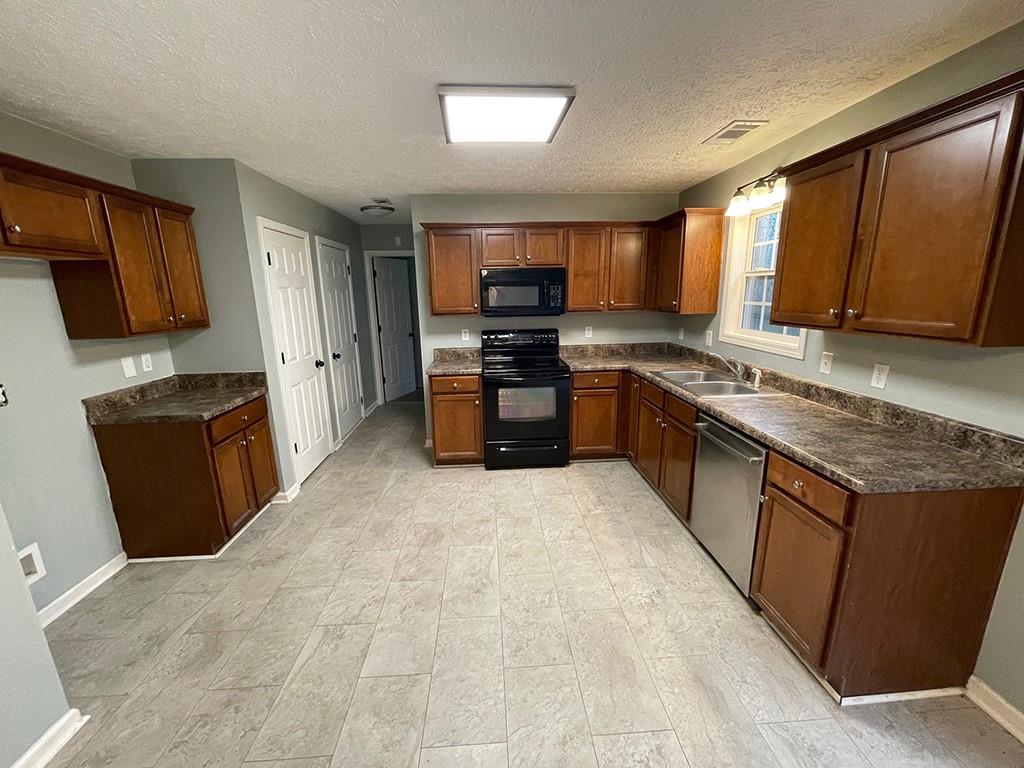 81 Summer Creek Drive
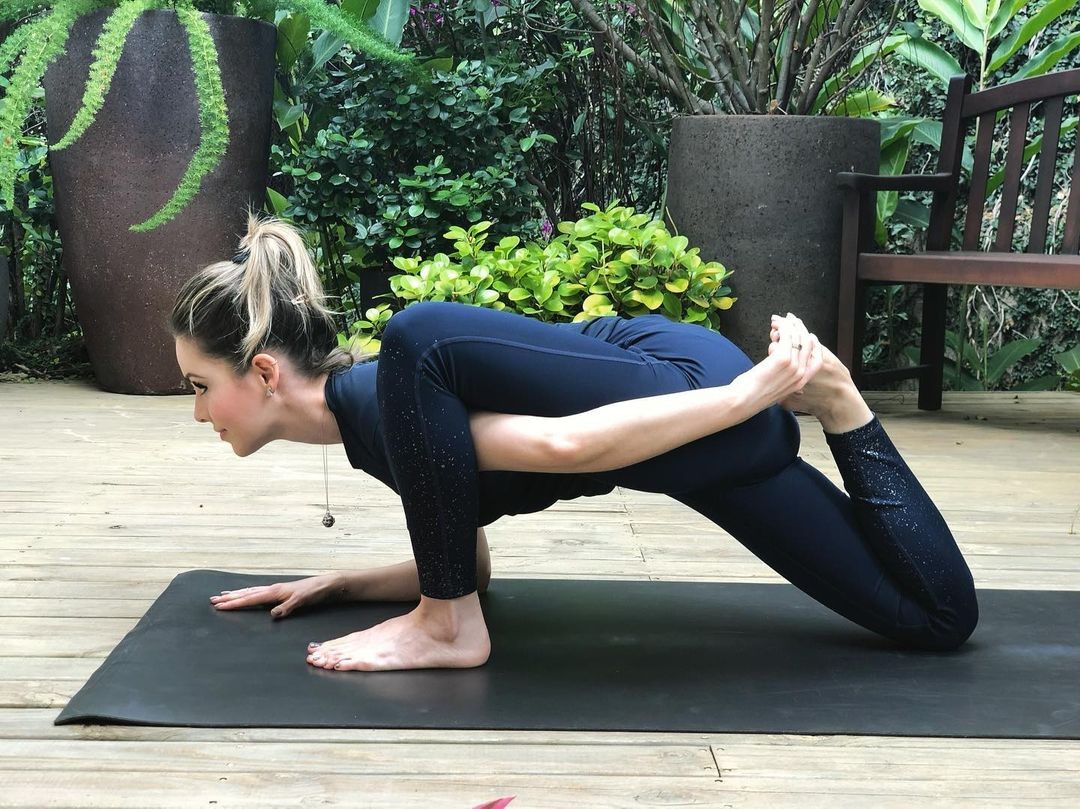 Sandy pratica ioga (Foto: Reprodução/Instagram)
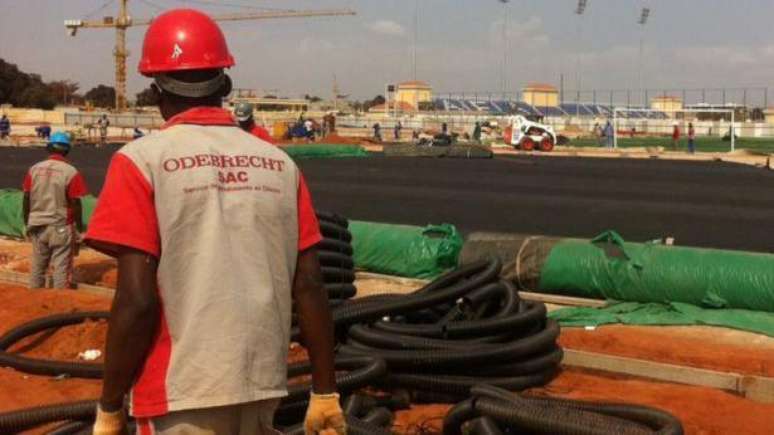Operário trabalha em obra da Odebrecht em Angola em 2017. O país africano foi um dos principais mercados da construtora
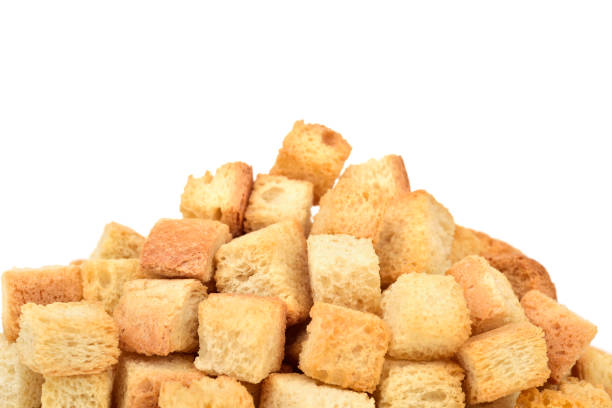 istock pile of croutons 678102924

_Directions for this task_. Copy the material above word for word, images excluded.

_Answer to the exercise_.
 81 Summer Creek Drive
 Sandy pratica ioga (Foto: Reprodução/Instagram)
Operário trabalha em obra da Odebrecht em Angola em 2017. O país africano foi um dos principais mercados da construtora
 istock pile of croutons 678102924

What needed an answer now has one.